# It's a Thin Line  (Diamante)



## musichal (Jul 30, 2015)

deleted, see blog​


----------



## Darkkin (Jul 30, 2015)

Reciprocal with no variation!  Nicely wrought.


----------



## rcallaci (Jul 30, 2015)

a pure diamante in a variant form- beautiful - darkkin and I may disagree with what is a variant but it really doesn't matter. Excellent and beautiful poetry is excellant and beautiful poetry. Your diamante is very innovative and thought provoking. Purity is in the eyes of the beholder- 

warmest
bobI


----------



## Foxee (Jul 30, 2015)

Wow. Speaking as someone with very little eddykashun regarding poetic forms, this is really evocative.


----------



## Mesafalcon (Jul 30, 2015)

I don't know what a diamante is, but this seems like a pretty good one.

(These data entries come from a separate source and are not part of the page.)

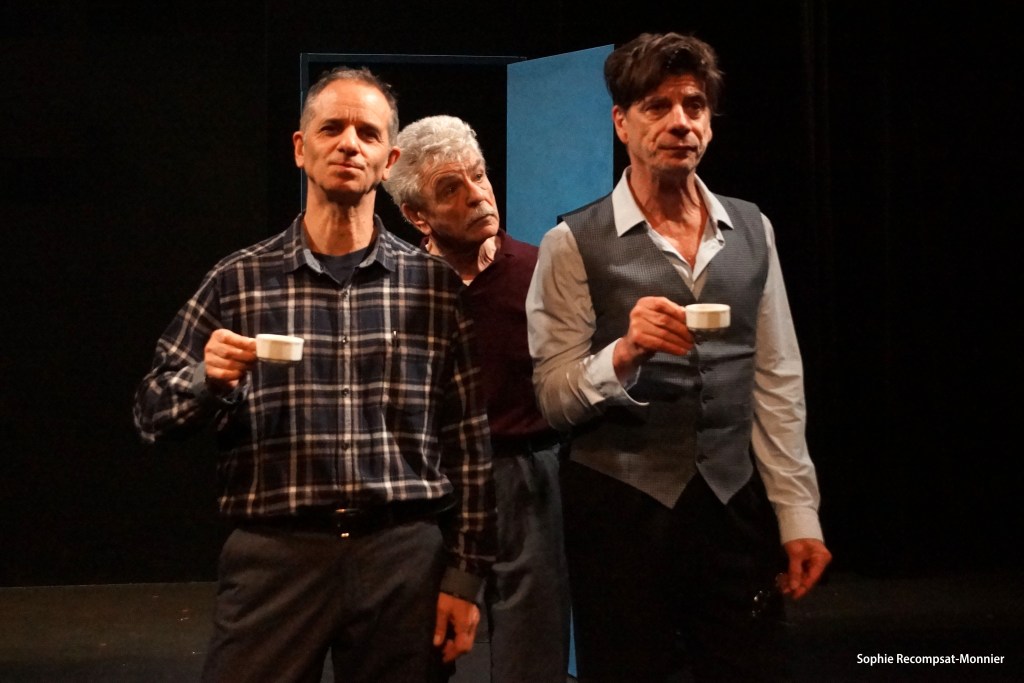 Trois hommes sur scène, chacun tenant une tasse, avec une porte bleue en arrière-plan.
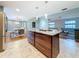 An open concept kitchen boasts an island, stainless steel appliances, and a clear view into the dining and living room at 2446 Belleair Rd, Clearwater, FL 33764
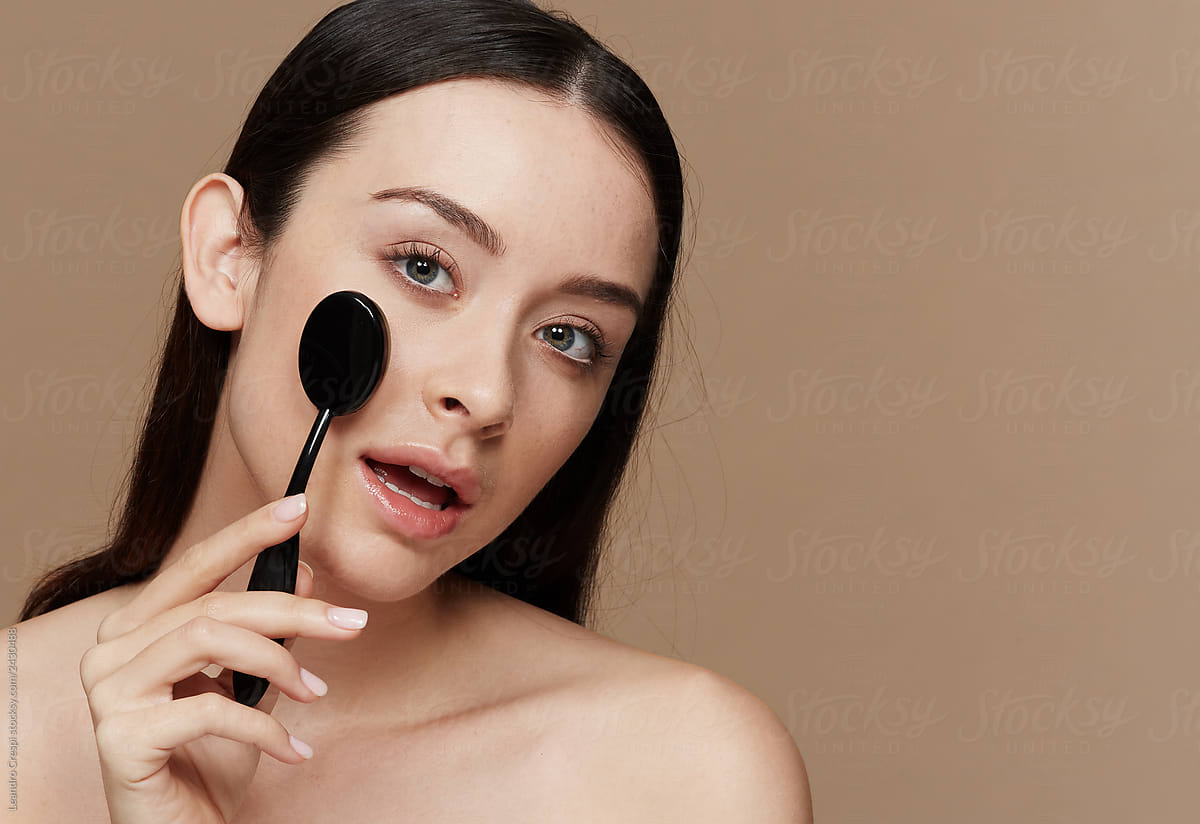 Closeup woman using silicone sponge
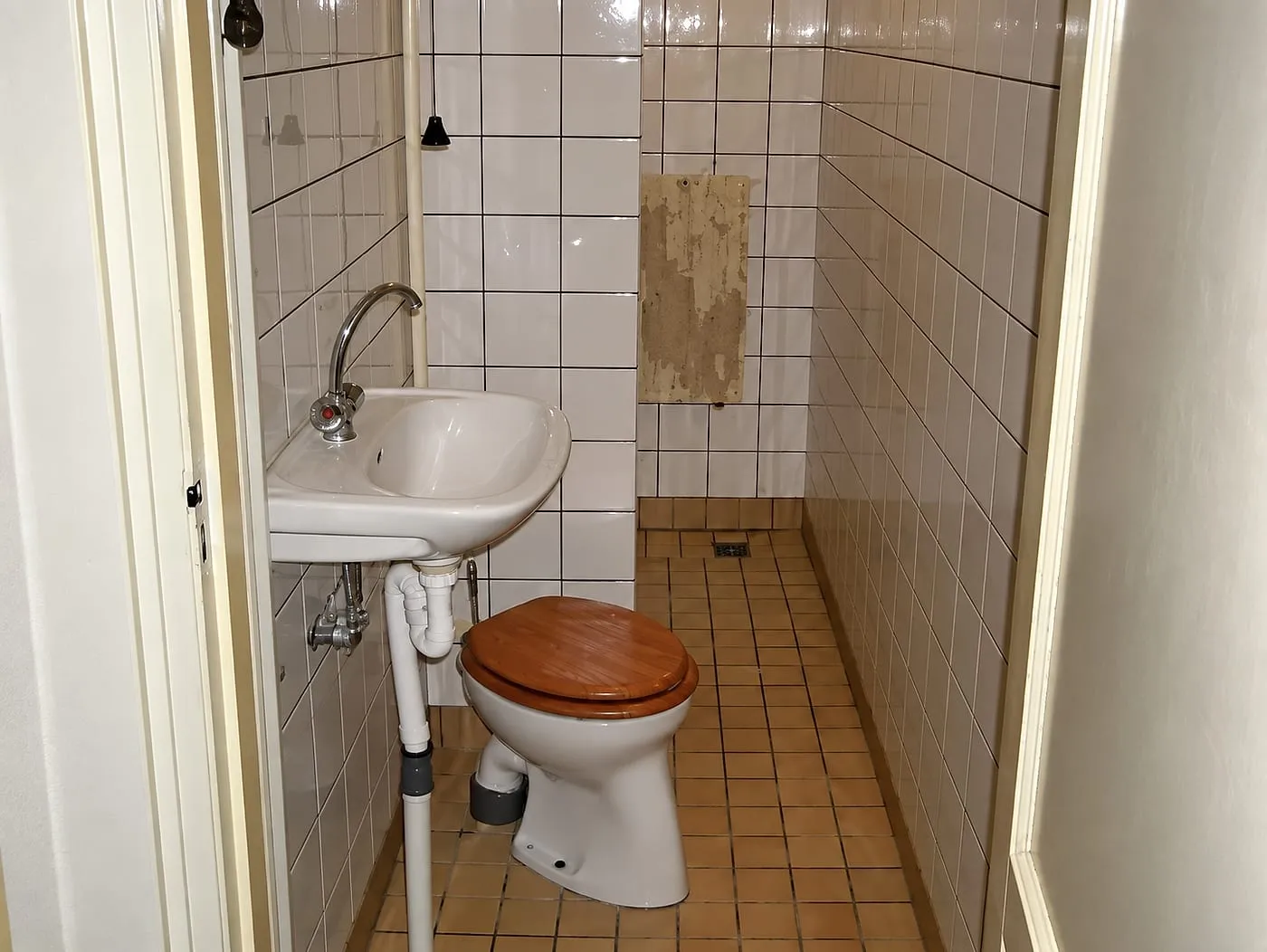 Staand toilet en oud wastafeltje met witte wandtegels vóór de renovatie — badkamerrenovatie in Groningen door BontBouw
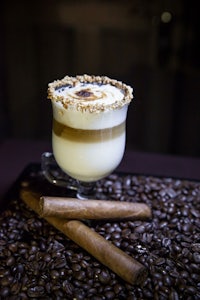 a cup of coffee with whipped cream and cigars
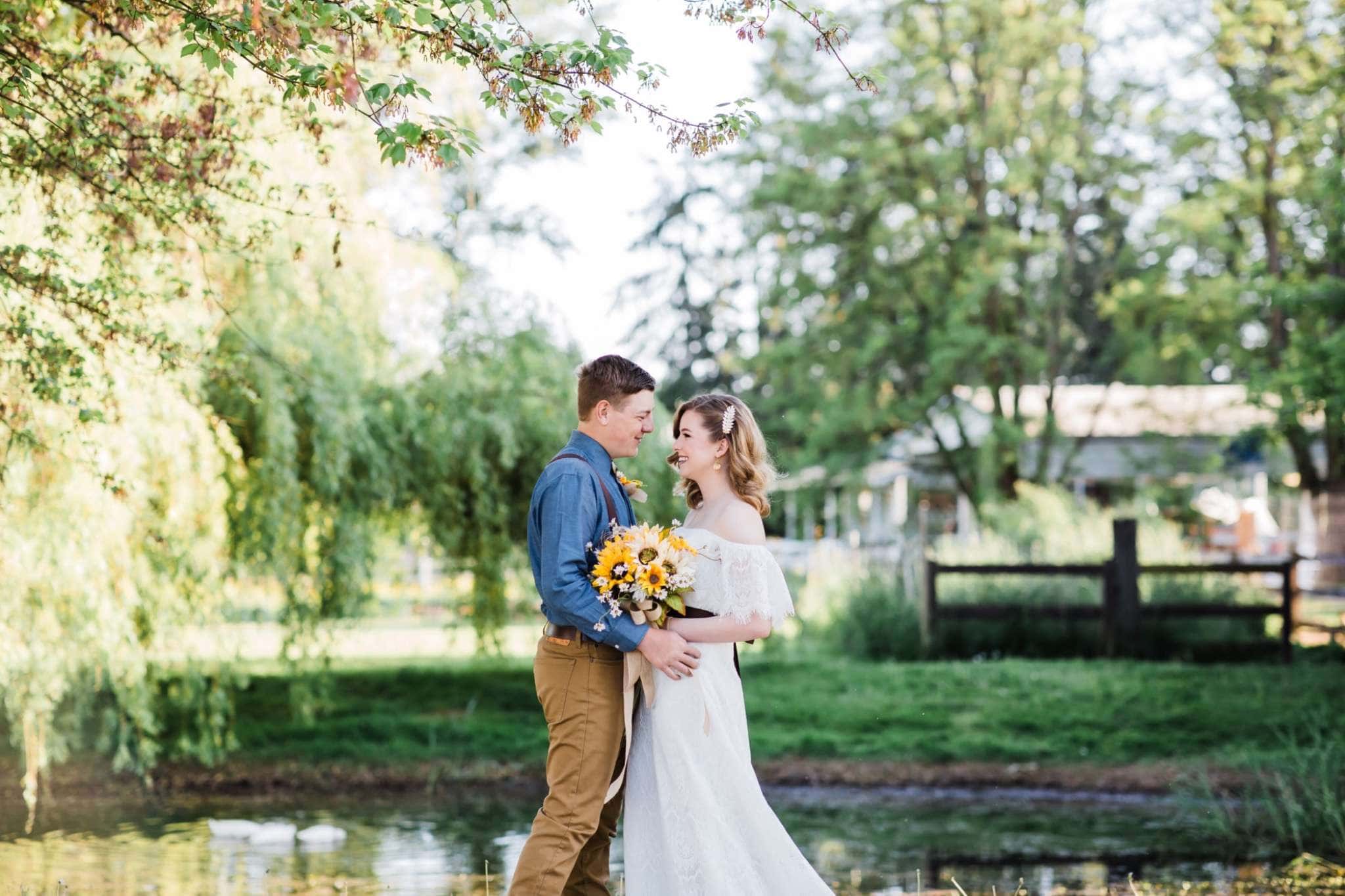 Young couple embracing in lush outdoor Minnesota wedding setting with sunflowers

I'm not at the level to rate it. Let's just say - it was a nice read.


----------



## Bard_Daniel (Jul 30, 2015)

I'm not familiar with the diamante very well. I've maybe seen two of those poems in my lifetime, but I thought this was, nonetheless, as others said, evocative.


----------



## Firemajic (Jul 31, 2015)

A bewitching mirror image... reflecting love to hate...Love the title... it IS a very thin line between love and hate, easily crossed in a single step.. Write on Musichal... Peace... Julia


----------



## ryanmpelton (Jul 31, 2015)

It looks really great. I don't know much about diamante, but I liked the poem. It says deep things in a very different way. Hats off mate. Keep it up.


----------



## Gumby (Jul 31, 2015)

What an awesome poem, musical! The form suited the subject to perfection! You nailed this one.


----------



## writingworld (Aug 14, 2015)

Thought provoking. Good job! Very well thought out.


----------



## jenthepen (Aug 14, 2015)

Oops, I nearly missed this one. Clever, the way you applied the emotions to both love and hate and it worked! Good poem!


----------